#### [INPUT RECORDS]
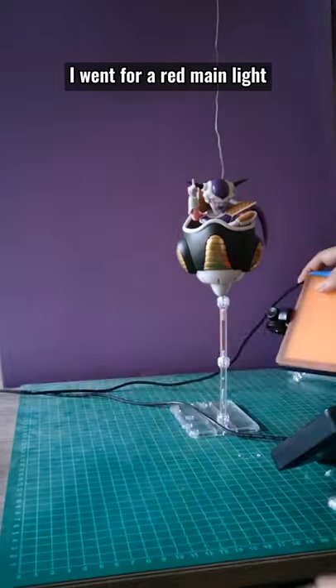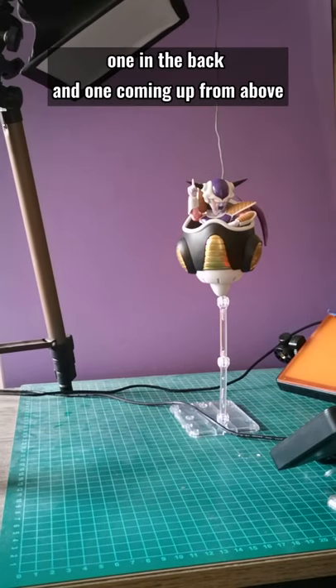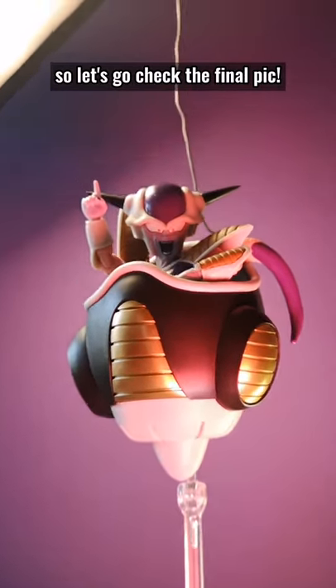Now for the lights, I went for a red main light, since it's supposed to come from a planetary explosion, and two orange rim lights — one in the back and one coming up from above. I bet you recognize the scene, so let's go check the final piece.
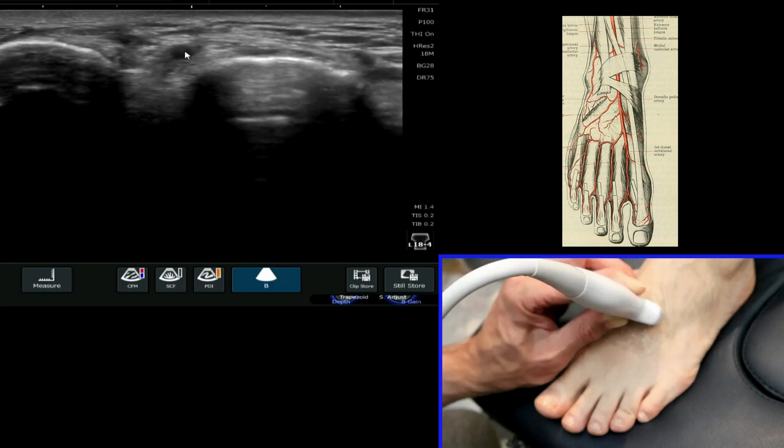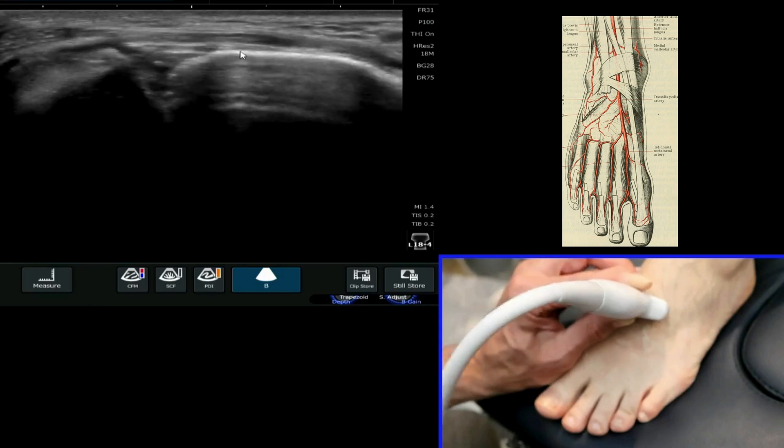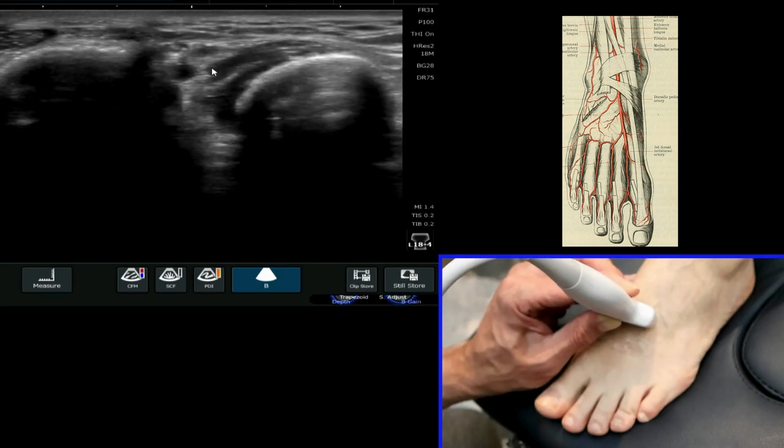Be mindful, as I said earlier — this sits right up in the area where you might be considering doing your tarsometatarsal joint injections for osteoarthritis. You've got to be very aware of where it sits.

--

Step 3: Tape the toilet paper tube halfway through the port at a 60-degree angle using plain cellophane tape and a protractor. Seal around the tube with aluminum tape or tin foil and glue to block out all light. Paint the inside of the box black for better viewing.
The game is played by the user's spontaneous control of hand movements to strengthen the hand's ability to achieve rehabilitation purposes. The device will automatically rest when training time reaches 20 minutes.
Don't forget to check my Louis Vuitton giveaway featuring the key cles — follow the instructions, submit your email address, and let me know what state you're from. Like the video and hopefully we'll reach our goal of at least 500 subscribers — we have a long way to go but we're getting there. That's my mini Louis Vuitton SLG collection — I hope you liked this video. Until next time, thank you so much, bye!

#### [WHAT YOU SHOULD DO]
Exactly as written above, retype the lines starting at the one holding "Now for the" and ending at the one holding "Be mindful, as", both included, but not the pictures.

#### [REPLY]
Now for the lights, I went for a red main light, since it's supposed to come from a planetary explosion, and two orange rim lights — one in the back and one coming up from above. I bet you recognize the scene, so let's go check the final piece.
Be mindful, as I said earlier — this sits right up in the area where you might be considering doing your tarsometatarsal joint injections for osteoarthritis. You've got to be very aware of where it sits.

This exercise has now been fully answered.